For the past few months I’ve been using an in house script to manage the rebooting of Virtual Machines on Hyper-V hosts following Windows Updates. These Virtual Machines also take part in Hyper-V Replica Replication to a DR host. On occasion I’ve spotted that when shutting down (as part of the reboot sequence) the Hyper-V Replica state will go into a Error ‘Critical’ state.
As it transpires this happens when the machine is shutting down and Hyper-V replica is attempting to create a reference point to send replica data over to the DR host.

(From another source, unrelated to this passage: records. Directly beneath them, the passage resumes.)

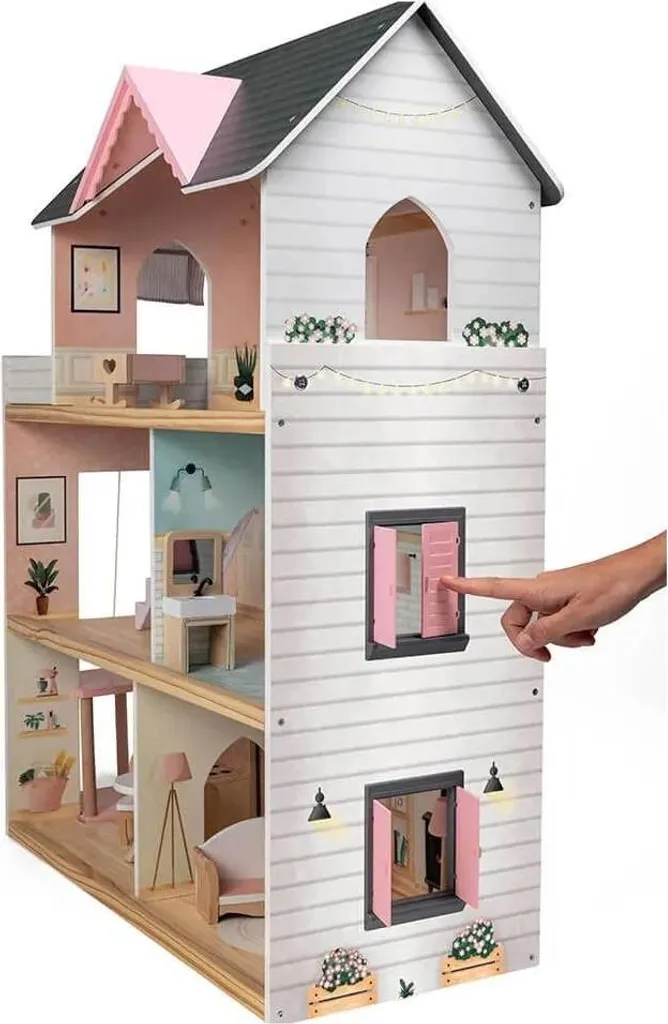 Maison de Poupée Bois Eurekakids - Ascenseur & Meubles inclus, Marron - 3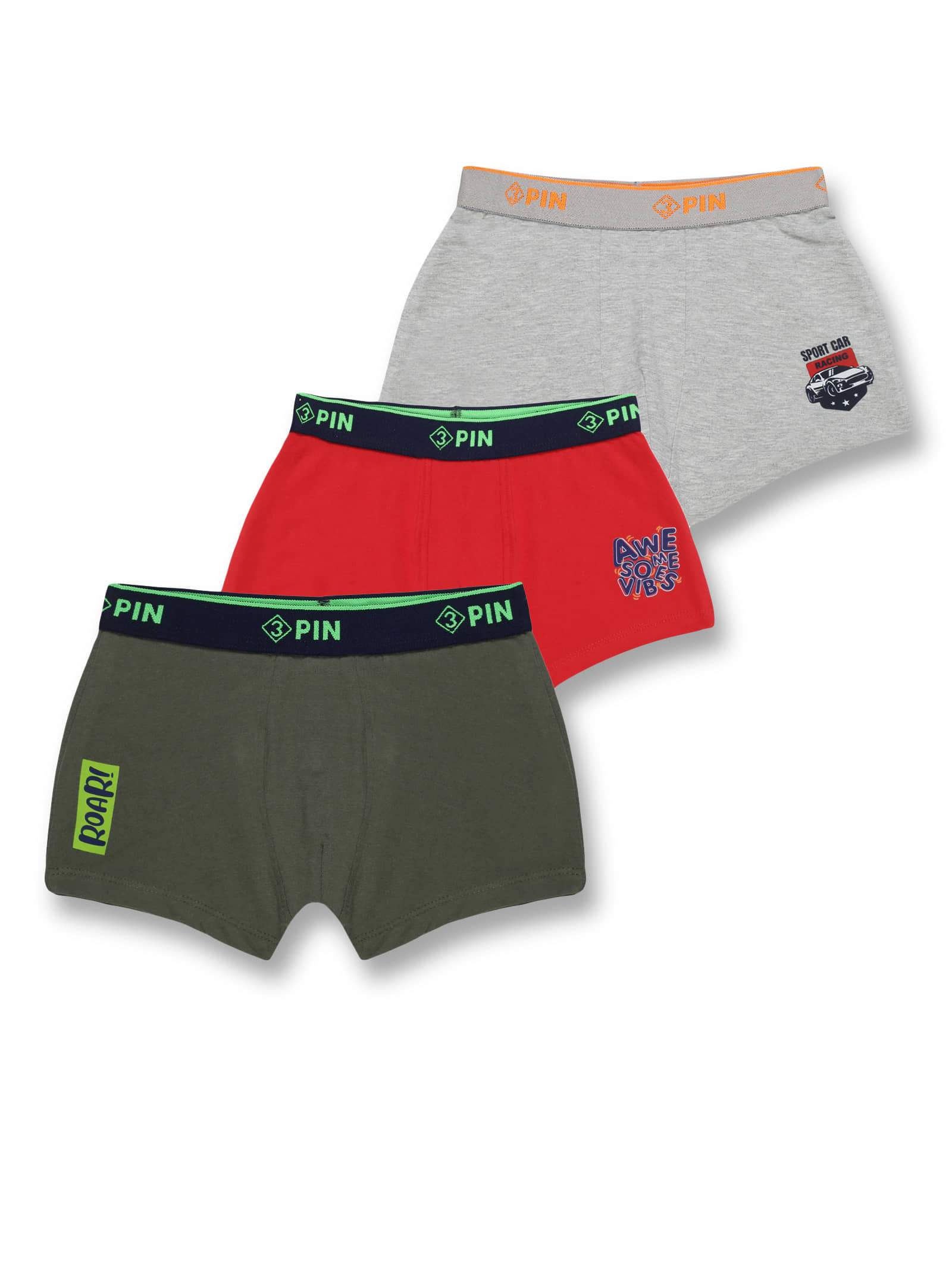 3PIN Pack of 3 Boys Cotton Trunks ( Green,Orange,Light Grey ) - Nightwear & Loungewear | Buy online on ZillyBuy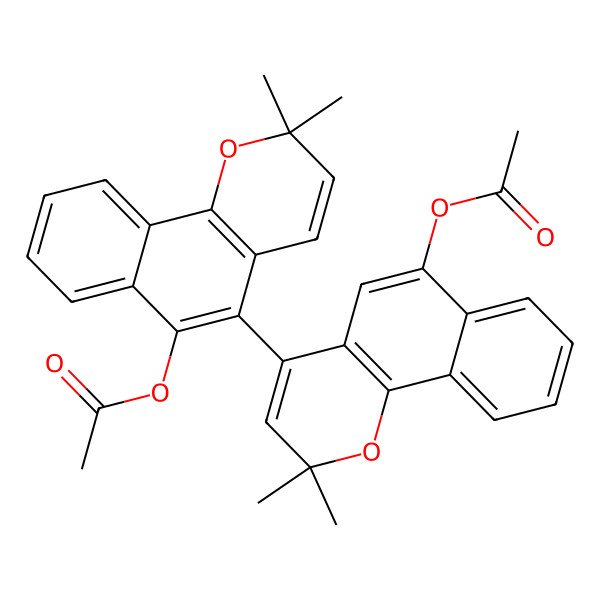 2D Structure of [4-(6-Acetyloxy-2,2-dimethylbenzo[h]chromen-5-yl)-2,2-dimethylbenzo[h]chromen-6-yl] acetate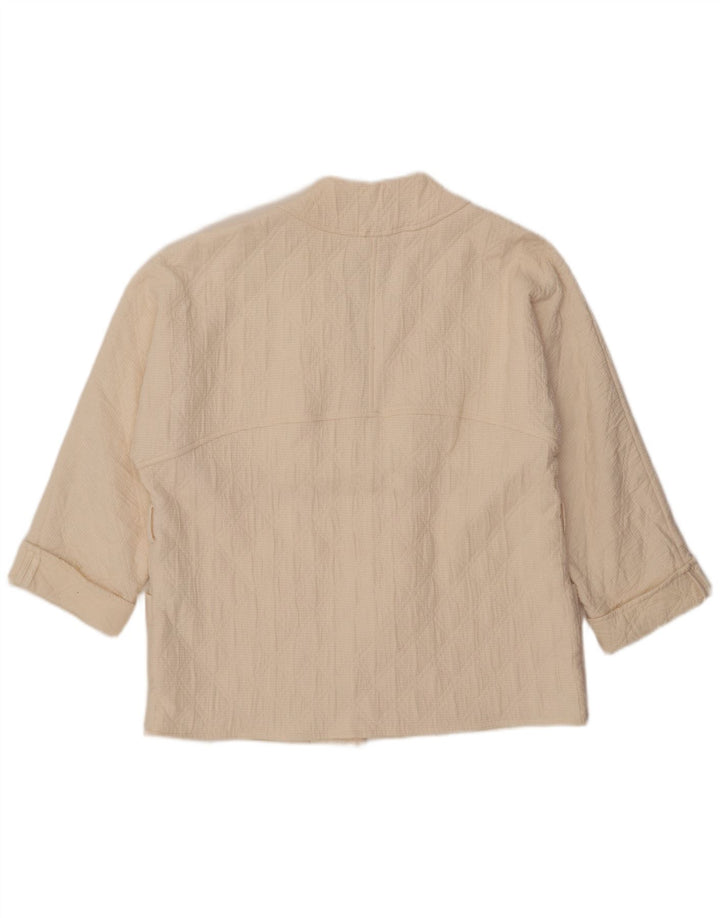 Jachetă ZARA pentru femei, supradimensionată, cu mâneci 3/4, blazer deschis, UK 14, mediu alb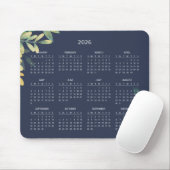 De Souris Calendrier Botanique Élégant Simple 2026 | Tapis d (Avec souris)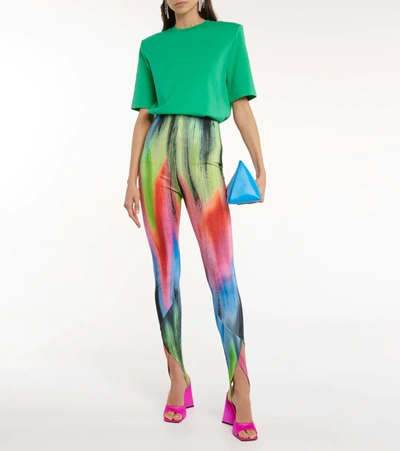 Shop Attico Jamie High-rise Stirrup Leggings In Multicolor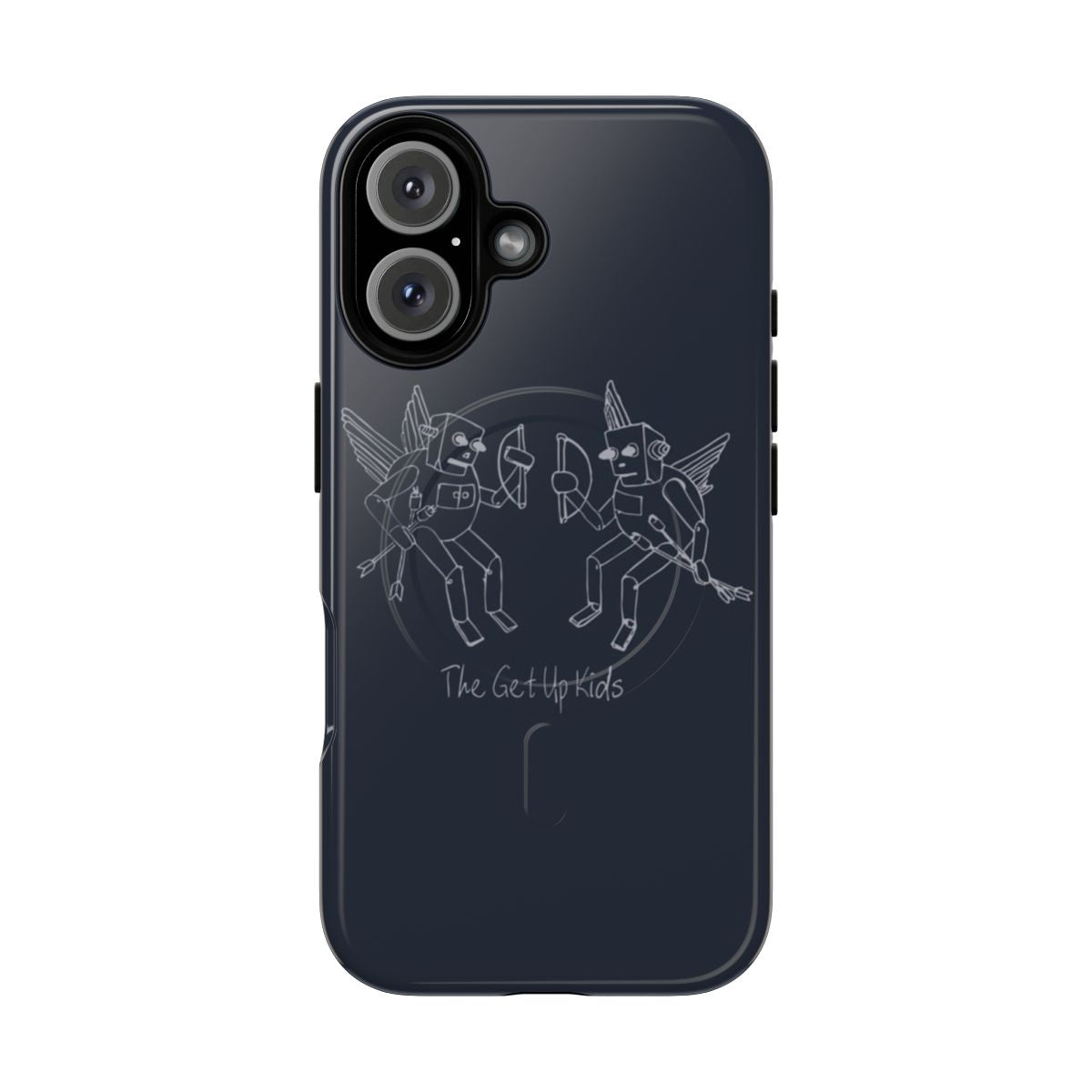 Magnetic tough phone case with a cupid robot design, perfect for fans of pop punk and emo music.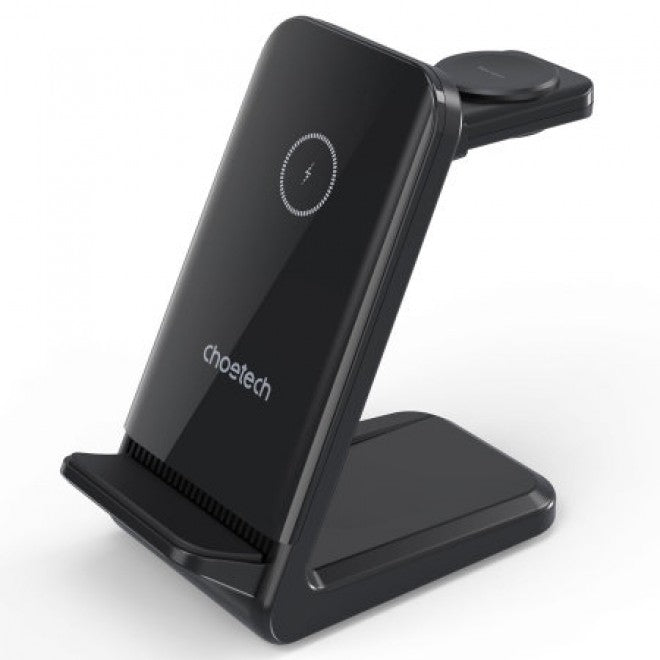 CHOETECH T608-F-BK 15W 4-in-1 Wireless Charger Stand for iWatch and Samsung Watch (Black)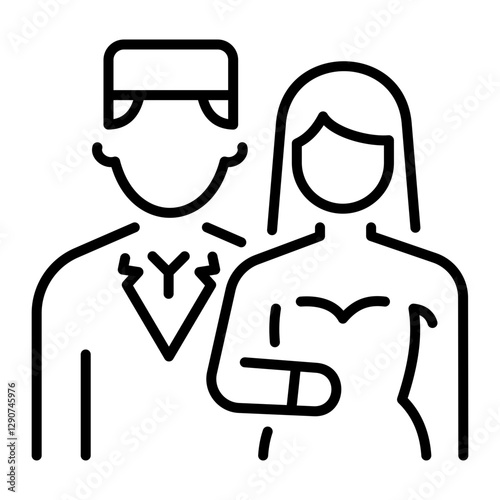 Marriage couple icon in outline style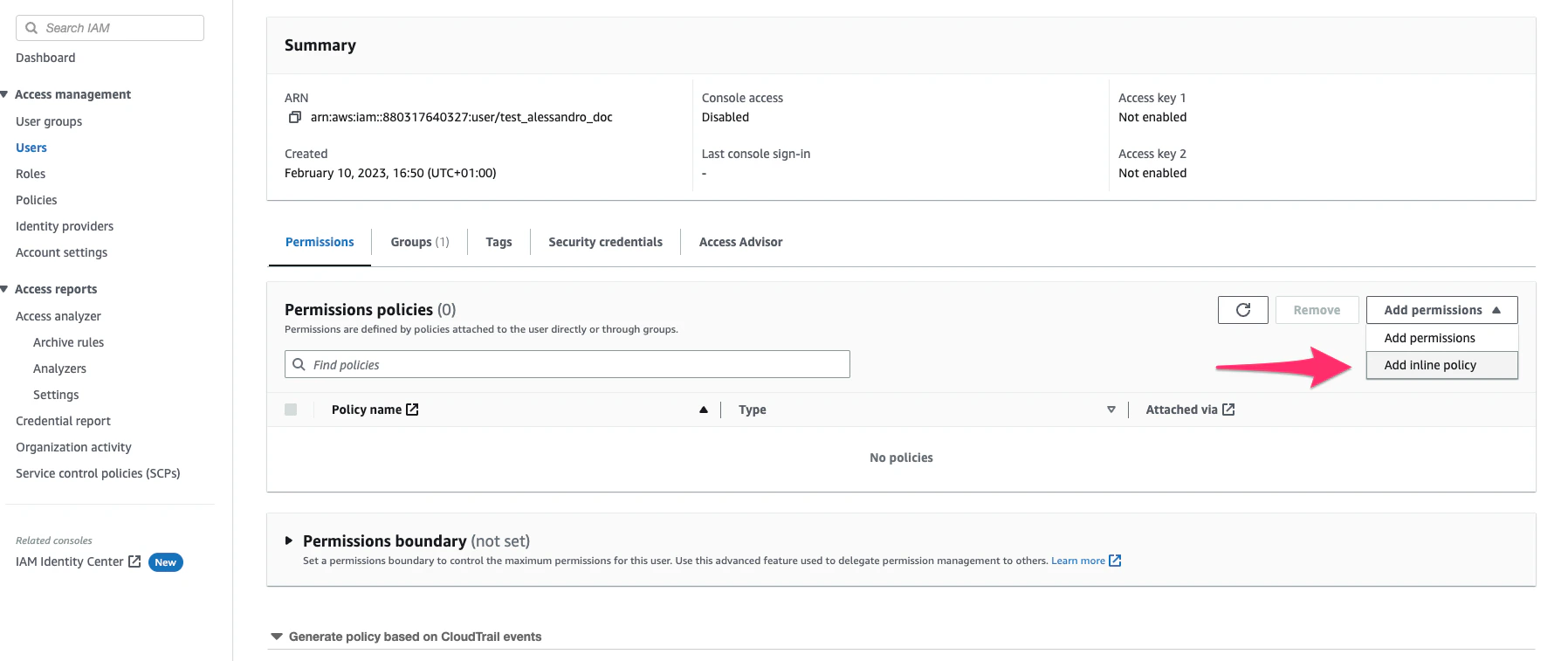 Add policy - step 2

The best fix I have at the moment for this issue is to suspend replication (you can use the Suspend-VMReplication PowerShell Cmdlet as documented here – https://technet.microsoft.com/en-us/itpro/powershell/windows/hyper-v/suspend-vmreplication to accomplish this) before shutting down the machine and then resuming replication (Resume-VMReplication and https://technet.microsoft.com/en-us/itpro/powershell/windows/hyper-v/resume-vmreplication) once shutdown is complete.
You will also note this issue noted under Hyper-V-VMMS in Event Viewer with Event IDs along the lines of 19060, 33680, 32546 and 32026.
Well, this just happened to me and you explained how to avoid this, but you did not explain what you did to “clean up” the critical error. Even though I perform backups regularly on the primary VM’s, I am always paranoid making a mistake with production VM’s.